Minggu, 16 September 2012

Perahu Kertas


Suasana disini begitu melenakan. Pikiranku melayang entah kemana, kedunia yang aku tak pernah tahu. Membayangkan sosok yang dulu ada dikepalaku, dan sampai kini. Lama sudah dia pergi jauh untuk suatu perjuangan hidupnya. Aku rindu sekali. Rindu ini menggantung, bergelayut direlung-relung gelap nan sepi tanpanya.

Disini, aku dan dia dulu saling bercerita tentang hidup. Bercerita tentang mimpi dan cita-cita yang tumbuh seiring waktu. Disini pula ada sejuta memory terkenang, memory masa kecil yang begitu polos. Hanya ada keceriaan tanpa beban dan gelak tawa yang memecah hening kesunyian. Aku dan kamu tumbuh bersama dalam cinta monyet yang menggemaskan. Memang tak pernah aku ataupun kamu merasa getaran cinta saat bersama. Tapi naluri selalu spontan mencari atas ketidakhadiran satu sama lain.

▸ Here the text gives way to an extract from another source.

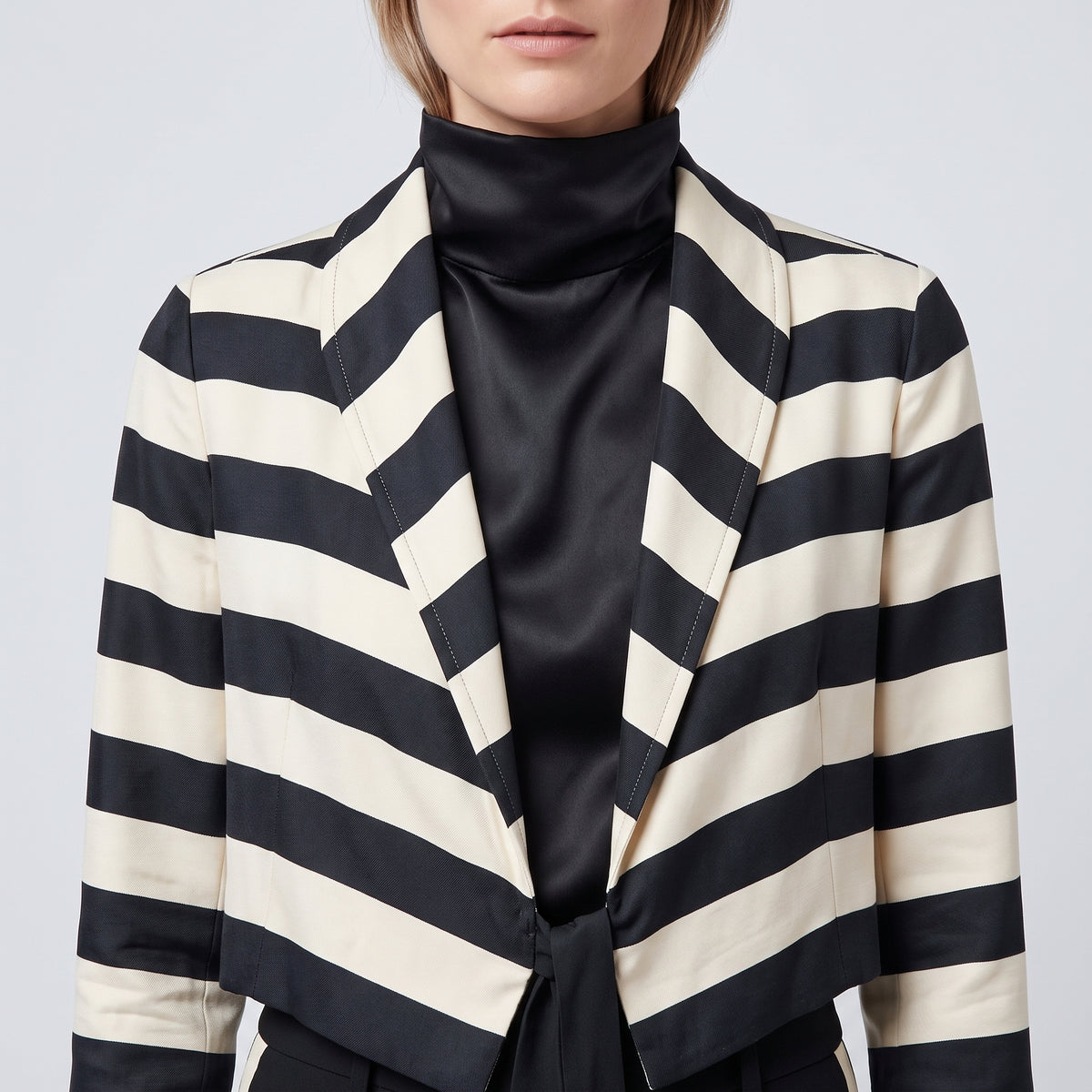 Striped Cropped Tie Front Jacket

Sungai kecil ini yang menjadi saksi cerita kita. Sungai ini yang merelakan tempat untuk skenario dongeng masa kecil kita. Disini masih sama seperti dulu. Sungai kecil dengan rumput rimbun segar ditepi dan air jernih mengalir. Pernah dalam hati kita bertanya-tanya “Kemana air itu akan bermuara?”. Tapi tak pernah ada jawaban dalam mulut kita. Tapi, dalam hati aku tahu, bahwa kita telah saling tahu jawabannya, meski kita tak pernah saling memberi tahu. Masih jelas terekam dimemory ku, saat dia pergi untuk mengejar cita-cita. Disisi lain dari ujung dunia dia mengejar, berlari. Sedang aku harus tetap disini. Ingin sekali kukejar mimpiku bersama nya. Tapi bumi melarangku. Padahal dulu kami pernah mimpi bersama dan berjanji mewujudkan semua dengan beriring tangan. Tapi kuterima saja yang telah tersurat. Aku hanya bisa berdoa untuk dia yang berjuang untuk mimpinya.

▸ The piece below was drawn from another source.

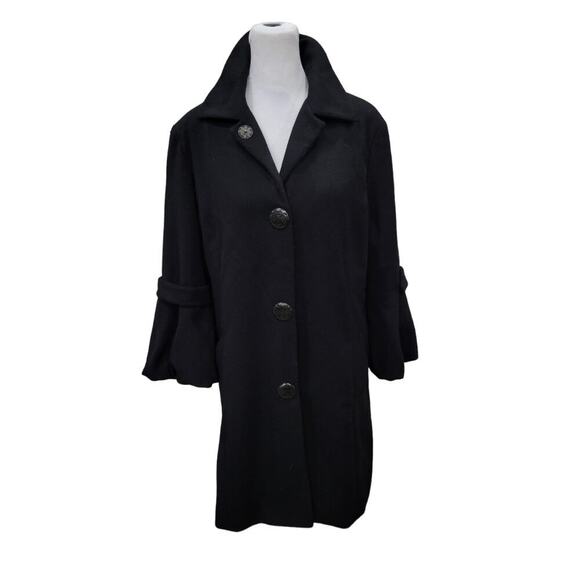 T Tahari Wool Coat Women's Medium Black Button Down‎ Bell Sleeves Whimsigoth - Picture 1 of 14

Sepuluh musim telah berganti. Rindu-rindu yang kurasa menumpuk semakin keras dan mengerak. Kapan dia akan kembali? Akan kah dia kembali? Aku terus menunggu dalm hari-hari bersemi cerah. Bersama lembar-lembar yang kusulap menjadi sebentuk lain. Origami ini selalu tercipta untuk kukembalikan pada aliran tempat kita bertanya dulu. Kadang akupun ingin mengungkapkan semua rinduku dan menyampaikannya bersama dia yang terbawa arus tenang. Kutulis semua rasa rinduku pada sekeping lembaran. Kulepaskan bersama alirannya. Sering pula aku berbisik “Tolong bawa pesan ini padanya, sampaikan semuanya, aku tau arus yang kau tumpangi akan membawamu padanya. Aku modhon ya. Katakan, aku rindu dia”. Perahu demi perahu aku aruskan. Kuberharap dapat bermuara padamu. Tapi kadang aku pesimis dan terus bertanya cemas. Apakah perahu-perahuku akan kuat melawan arus? Aku terus berdoa untuk kekuatan perahu-perahu kertasku. Aku berharap mereka sampai pada titiksentuh kakimu. Agar kau dapat membaca semua rasaku. Dan segera pulang untuk melihat putihnya kulit yang lama tak terjamah matahari mu. Aku rindu….sangat rindu. Kuharap semua pesan oleh perahu kertasku dapat sampai pada matamu.